New CC Hospitality Services Program kicks off

Clinical Center scores high on patient survey

Longtime Clinical Pathology employee retires

Jolly holidays

The magic touch of the interpreter

Send your receipts

In memory

Teacher award

News briefs

 

New CC Hospitality Services Program kicks off

A hospitable hospital

A ribbon-cutting and reception held last month in the Center Lobby marked the opening of the CC's new Hospitality Services Program. Pictured from left to right are Sue LaRoche, Matthew Corley, Michael Alexander, Dr. John Gallin, Michael Daniel, Edward Pettway, and Nancy Pierre.

From left to right, Sue LaRoche, Michael Daniel, and Maureen Gormley applaud the opening of the CC's new Hospitality Services Program.  

Think back to the first time you entered the Clinical Center. Did you confidently find your way to your appointment or meeting? Or did you wander the endless corridors until a kindly stranger pointed you in the right direction?

Thanks to the CC's new Hospitality Services Program launched last month, newcomers won't have to wander and wonder anymore; they'll have easy access to specially trained hospitality staff who will help them navigate this ever-changing building.

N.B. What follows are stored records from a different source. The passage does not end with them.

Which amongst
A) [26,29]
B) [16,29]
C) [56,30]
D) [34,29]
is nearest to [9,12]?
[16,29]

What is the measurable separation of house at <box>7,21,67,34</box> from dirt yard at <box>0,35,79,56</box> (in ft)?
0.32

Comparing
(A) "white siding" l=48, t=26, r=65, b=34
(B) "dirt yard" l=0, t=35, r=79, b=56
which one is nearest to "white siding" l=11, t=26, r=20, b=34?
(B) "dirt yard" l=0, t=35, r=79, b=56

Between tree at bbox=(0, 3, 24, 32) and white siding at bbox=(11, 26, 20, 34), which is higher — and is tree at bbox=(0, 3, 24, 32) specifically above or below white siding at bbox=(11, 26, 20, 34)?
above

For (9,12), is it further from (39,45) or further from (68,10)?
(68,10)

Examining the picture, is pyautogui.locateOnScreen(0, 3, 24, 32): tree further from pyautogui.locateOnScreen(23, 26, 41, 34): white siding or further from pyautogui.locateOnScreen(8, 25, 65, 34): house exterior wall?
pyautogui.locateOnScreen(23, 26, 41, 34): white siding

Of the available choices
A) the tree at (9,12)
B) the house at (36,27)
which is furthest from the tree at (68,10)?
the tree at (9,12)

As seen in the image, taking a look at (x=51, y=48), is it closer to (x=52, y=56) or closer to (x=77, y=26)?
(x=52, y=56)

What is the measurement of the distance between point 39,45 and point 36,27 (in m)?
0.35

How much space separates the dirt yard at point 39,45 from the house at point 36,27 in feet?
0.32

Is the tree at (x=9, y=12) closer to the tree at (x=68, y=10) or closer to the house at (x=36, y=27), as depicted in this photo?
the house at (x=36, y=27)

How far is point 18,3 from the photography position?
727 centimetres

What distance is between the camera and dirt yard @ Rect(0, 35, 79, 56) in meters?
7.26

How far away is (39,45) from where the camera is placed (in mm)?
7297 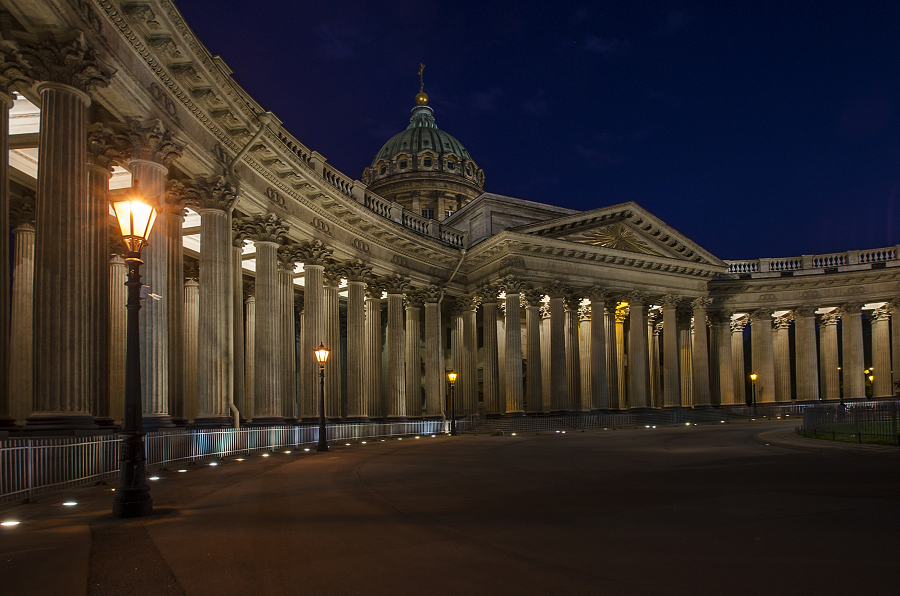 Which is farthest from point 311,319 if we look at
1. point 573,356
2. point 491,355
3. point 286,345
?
point 573,356

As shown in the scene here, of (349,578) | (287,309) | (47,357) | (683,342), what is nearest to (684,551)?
(349,578)

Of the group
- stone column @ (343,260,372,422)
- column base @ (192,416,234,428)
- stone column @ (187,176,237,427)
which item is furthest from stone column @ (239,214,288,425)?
stone column @ (343,260,372,422)

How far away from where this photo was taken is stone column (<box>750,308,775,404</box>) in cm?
5409

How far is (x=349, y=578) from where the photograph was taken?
6.43 metres

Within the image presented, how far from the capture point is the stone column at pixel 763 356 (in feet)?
177

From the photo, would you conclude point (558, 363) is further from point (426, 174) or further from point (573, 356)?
point (426, 174)

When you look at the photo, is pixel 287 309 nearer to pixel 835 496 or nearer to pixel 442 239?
pixel 442 239

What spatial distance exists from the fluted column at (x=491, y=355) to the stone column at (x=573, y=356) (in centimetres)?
482

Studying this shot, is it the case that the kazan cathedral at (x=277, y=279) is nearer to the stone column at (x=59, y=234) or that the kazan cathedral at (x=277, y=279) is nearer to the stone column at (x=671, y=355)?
the stone column at (x=59, y=234)

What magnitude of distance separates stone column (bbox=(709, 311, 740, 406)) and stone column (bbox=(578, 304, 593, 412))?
12.0 m

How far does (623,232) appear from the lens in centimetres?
4791

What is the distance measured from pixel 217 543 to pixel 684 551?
5336mm

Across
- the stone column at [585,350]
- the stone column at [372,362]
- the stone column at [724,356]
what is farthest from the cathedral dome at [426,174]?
the stone column at [372,362]

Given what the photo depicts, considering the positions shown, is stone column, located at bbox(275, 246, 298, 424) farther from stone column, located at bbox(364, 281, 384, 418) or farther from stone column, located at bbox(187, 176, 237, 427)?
stone column, located at bbox(364, 281, 384, 418)
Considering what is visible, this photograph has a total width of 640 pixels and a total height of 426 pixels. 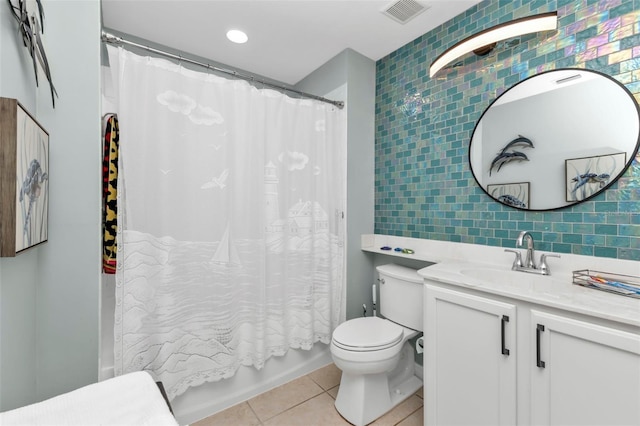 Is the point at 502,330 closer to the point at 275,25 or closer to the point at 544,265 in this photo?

At the ribbon-cutting ceremony, CC Director John Gallin said, "Today we celebrate the beginning of hospitality services at the Clinical Center in a formal way. We've always been very hospitable, but now we are formalizing it. This is the beginning of teaching people to smile and to be generally helpful to everybody."

The program features a greeter stationed outside the CC's front entrance to meet people as they arrive, and hospitality service coordinators stationed at the South Lobby, Center Lobby (near Masur Auditorium), and North Lobby, who will guide visitors to their destinations or assist them with special needs.

Team members can be recognized by their navy-blue blazers, with a hospitality services logo. Equipped with walkie-talkies, they can quickly communicate to ensure that each guest receives the needed services in a timely manner.

The hospitality services team includes Michael Daniel, program chief; Michael Alexander, Matthew Corley, and Sue LaRoche, hospitality services coordinators; Edward Pettway, greeter; and Nancy Pierre, administrative assistant. All are veteran CC employees, except Daniel and Pettway, who worked together in hospitality services at the University of Maryland Medical System in Baltimore. Several volunteers have been recruited to assist the full-time staff.

Thanks to two weeks of intensive customer service training, team members were well prepared for their first day at their new posts. "It was great to see them in action," said Daniel. "They had the necessary tools to ensure their success."

The suggestion to implement such a program came from the CC's Patient Advisory Group. "They told us we did a great job with patient care, but the process of getting to the patient-care units was sometimes cumbersome," said Daniel.

"When the South Lobby opened, the orientation of the building radically changed," added Jan Weymouth, CC program manager. "Although the signage was very well done, people were still getting lost."

A steering committee was formed to investigate how the CC might better address wayfinding issues. Michael Daniel was hired last summer, and the program jelled rapidly, thanks to his experience forming a similar program at the University of Maryland Medical System.

As he accepted the many congratulations offered at the kickoff, Daniel said, "I could not have done this without the hard work of [the Steering Committee]. They've been extremely helpful in guiding the process and providing the expertise and information to make this venture a success." Committee members are Rona Buchbinder, Sara Byars, Laura Cearnal, Dottie Cirelli, Michael Daniel, Larry Eldridge, Adrienne Farrar, Maureen Gormley, Steve Groban, Andrea Rander, Maggi Stakem, and Jan Weymouth.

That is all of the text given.